Along with flat growth, cargo revenues have dropped. IATA measured a $67 billion air cargo trade in 2011 and has predicted a decline to $59 billion this year, which mirrors revenues last seen in 2007 but with nearly 20 percent more cargo in the skies.
Vertannes pointed to dwindling consumer confidence in Europe and the United States as the main culprits of air cargo’s current struggle. But he sees investments worldwide, along with a burgeoning middle class in new markets, playing into the future of air cargo.
In a June update on China’s middle class, McKinsey & Co. projected “more than 75 percent of China’s urban consumers will earn 60,000 to 229,000 renminbi ($9,000 to $34,000) a year,” putting Chinese citizens in between the income averages of Brazilian and Italian consumers. To drive home the huge growth potential in China, the firm found that only 4 percent of Chinese consumers were in that earnings range in 2000.
As China tries to mold itself into a domestic economy instead of an export-based one, more Chinese consumers will demand high-price goods from manufacturers based in Europe and America, Vertannes said. This will help propel air cargo revenues and increase volumes. Growth will also occur in India, Africa and Latin America, altering the balance of transport as it happens.

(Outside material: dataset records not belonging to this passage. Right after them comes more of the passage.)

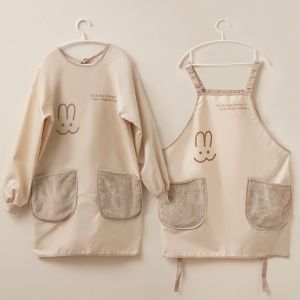 TOO AGHAST69ST7 Waterproof Cooking Aprons Oil-proof with Pockets Coffee Overalls Hands Wipe Painting Apron for Women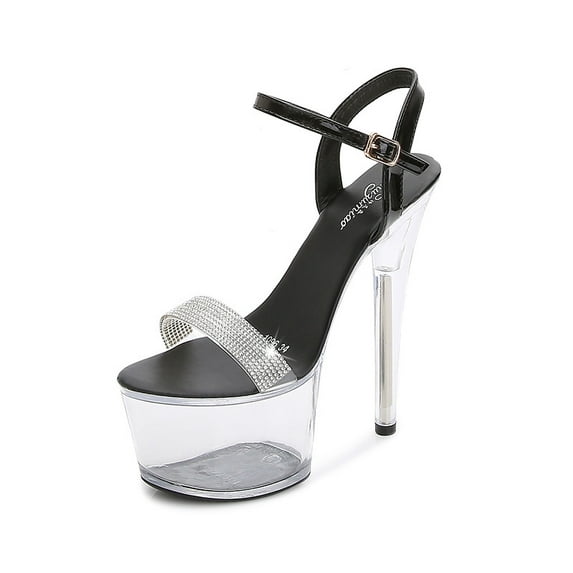 181 Series 16.5cm Heel 6.5cm Platform Large Size 43 Women Shoes Sandals Catwalk Transparent Crystal Shoes Wedding LFD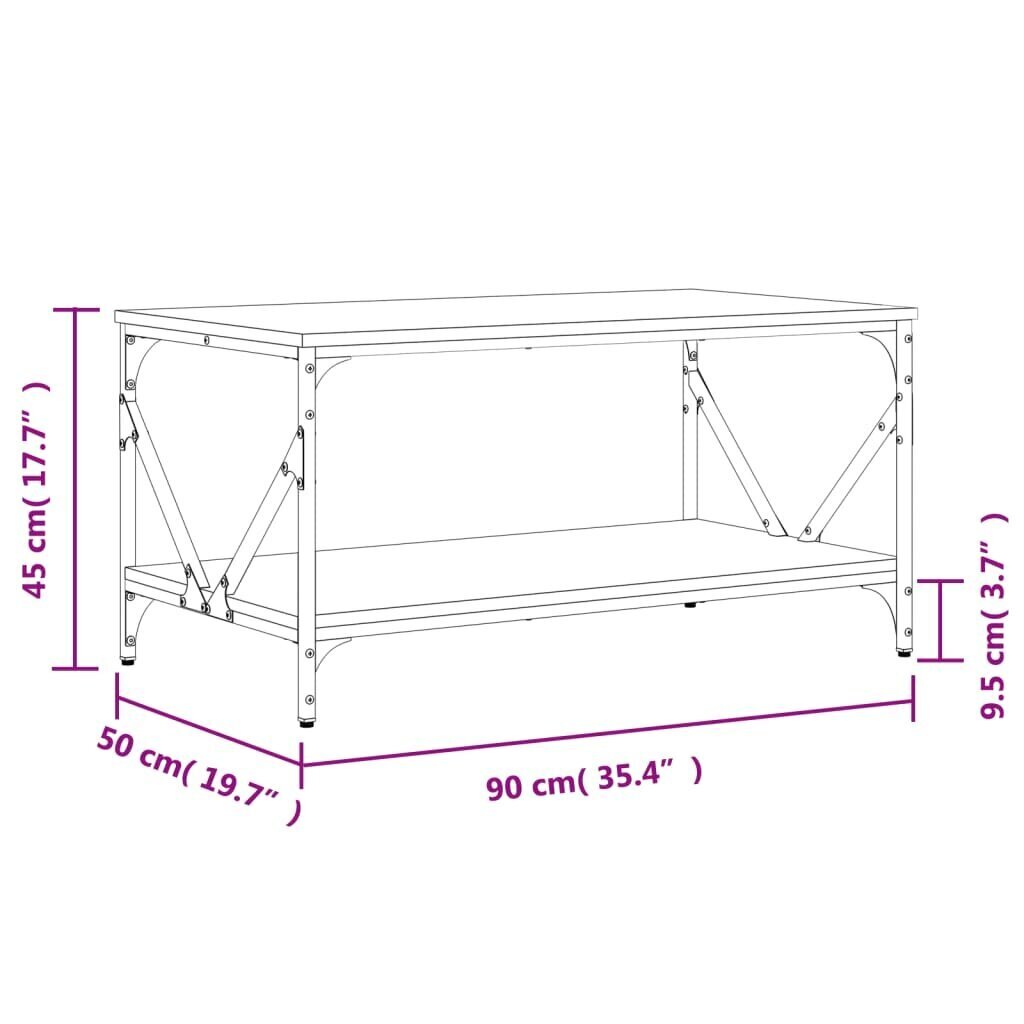 vidaXL Sohvapöytä musta 90x50x45 cm tekninen puu hinta ja tiedot | Sohvapöydät | hobbyhall.fi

“We can see a shift in balance. We used to always be critical of the freighter balance when it came to air cargo — all the flights were full coming east to west, but going back, not,” Vertannes said. “I think in years to come, we will be looking at a far more balanced trade flow between east and west.”
More consumers in these countries will move to large cities and demand a huge air cargo presence to handle high-value inbound merchandise.
“In terms of air cargo’s growth, it’s got a very, very good future,” Vertannes said.
And despite the growth of passenger bellies and the increasing troubles faced by airlines operating freighters, Vertannes said all-cargo planes will share in some of this coming demand. Just look, he said, at the Middle Eastern airlines that are expanding in the current market — Qatar Airways, Emirates Air Line and Etihad Airways.
“As they extend their networks and bring in more passenger planes, they are still investing in freighters to be able to draw freight in from specific markets” that are either not served by passenger routes or happen to need services not within the specific times served by passenger planes, he said. “You’ll always need freighter capacity because you’ve got to furnish a growing network.”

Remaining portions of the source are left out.